Le président du syndicat des greffiers, Me Etoundi Thomas Sylvain, est plus amère : «Les mouvements d'humeur à répétition des avocats, celui programmé des greffiers, les récentes émeutes à la prison de Kondengui, la plainte de Me Nkoa contre le ministre de la Justice, les multiples révocations, les démissions en cascade des greffiers pour rejoindre d'autres corps de métier, les nominations des morts et leurs avancements sont autant de preuves que rien ne va plus à la Justice et qu'il est tant que le président de la République se penche sur le cas des greffiers. Les états généraux de la justice sont à souhaiter et toutes les incongruités relevées donnent raison au président national du syndicat que je suis lorsque je revendique à cors et à cri la création d'un secrétariat d'État en charge des greffes pour éviter toute cette désinvolture qui caractérise le traitement des affaires des greffiers...»

Rappelons que les greffiers montent régulièrement au créneau pour exprimer leur malêtre, estimant être sous la botte des magistrats.
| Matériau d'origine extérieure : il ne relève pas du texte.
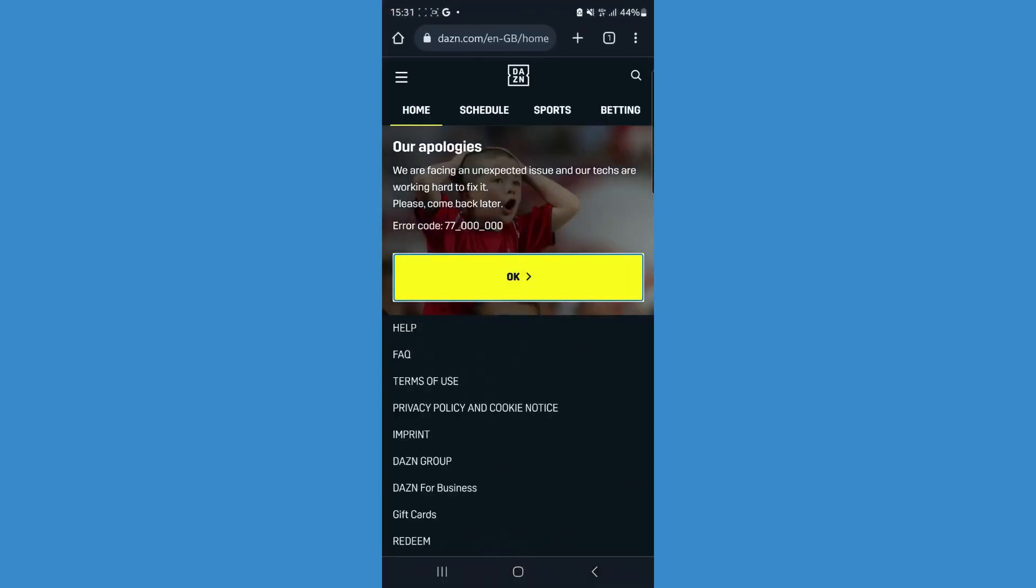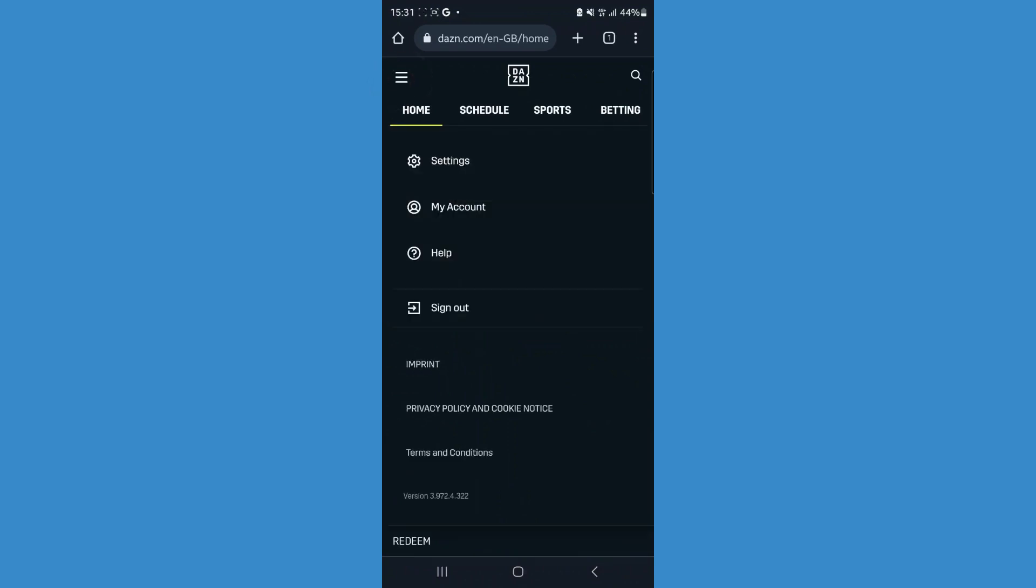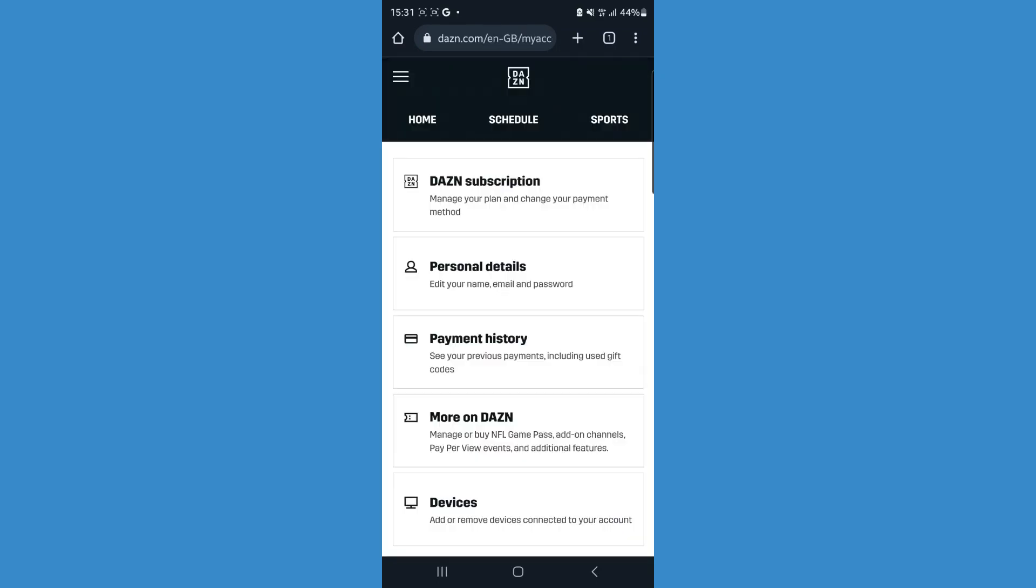Head over to a browser, log into your account, and then simply go to the three lines in the top left corner and click on My Account.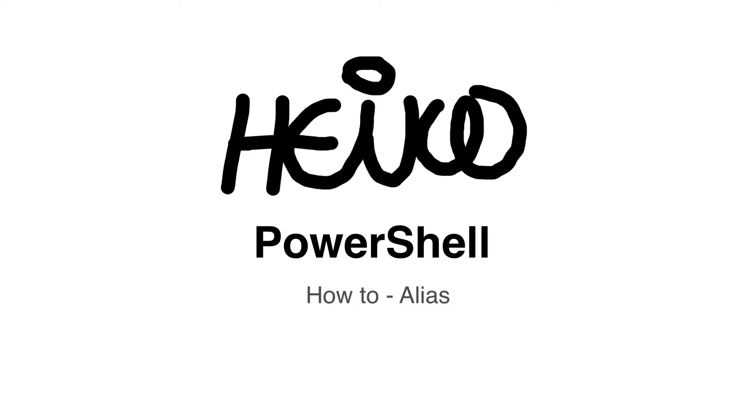Welcome! In this session I would like to explain to you how to use aliases in Windows PowerShell.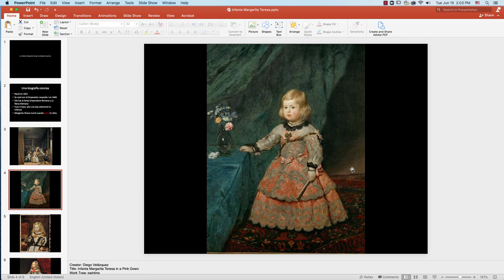Muy bien. Imaginamos un poco cómo era la vida de esa princesa, ¿qué hacía todos los días? En este retrato de Velázquez, todavía era muy pequeña. Era muy pequeña, y jugaba, o tocaba música, o iba al jardín, o a los jardines. Todos los días daba paseos en los jardines del palacio, y jugaba con su mascota.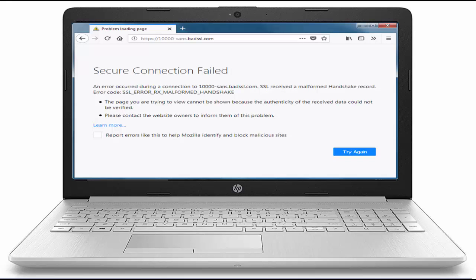Hey guys, welcome back again. Now today in this video, I will show you how to fix your Mozilla Firefox error secure connection failed in your Windows.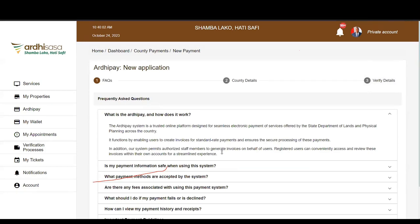Kilote asks: for stamp duty, we normally generate a PRN on iTax and then pay. Does RDP replace that? Question two: if Nairobi transactions are not supposed to use RDP, why does Nairobi County and Nairobi County processes appear in the RDP dropdown?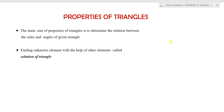Hi students, in this lecture we are going to learn about the properties of triangles. The main aim of these properties of a triangle is to determine the relation between the sides and angles of a given triangle.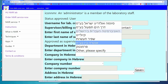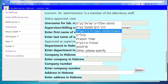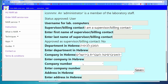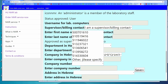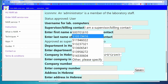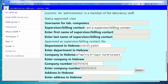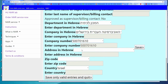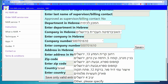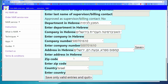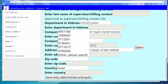The company number for Hebrew University is 500701610. If you are a private individual, please enter your name again and your ID number. You need to enter your address, select or enter it, and provide your zip code and country.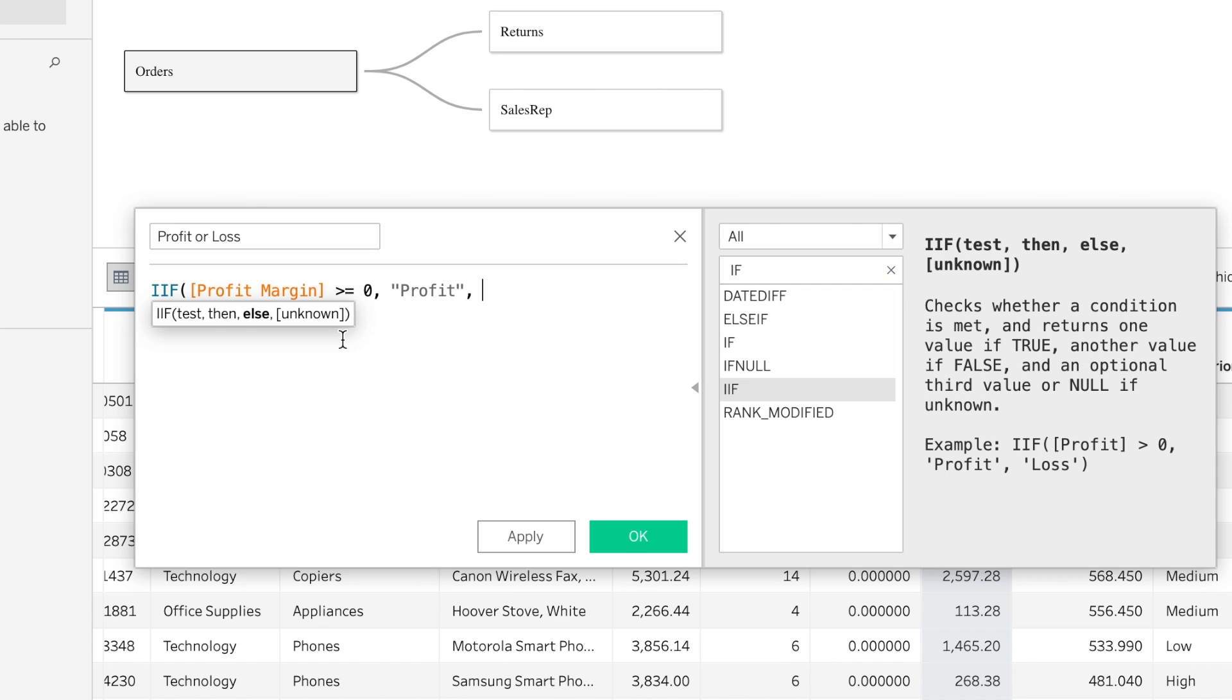And then otherwise, we want it to display loss. You can see that Tableau is highlighting to tell us what field we're in.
Alors qu’ils sont un corps de la fonction publique qui comptent aussi bien des agents que des cadres de catégorie A2, le sommet à la Fonction publique, leurs carrières sont gérées par un service dit «des personnels nonmagistrats », qui s’occupe du tout-venant. Et aucun d’entre eux n’occupe une fonction de directeur… Ces derniers temps, des actes de nomination de contractuels à des fonctions réservées aux greffiers ont souvent donné lieu à des procédures judiciaires. Le statut spécial des fonctionnaires de greffe n’est pas intégralement appliqué. Ils disent vivre une injustice dans un ministère curieusement chargé de la justice.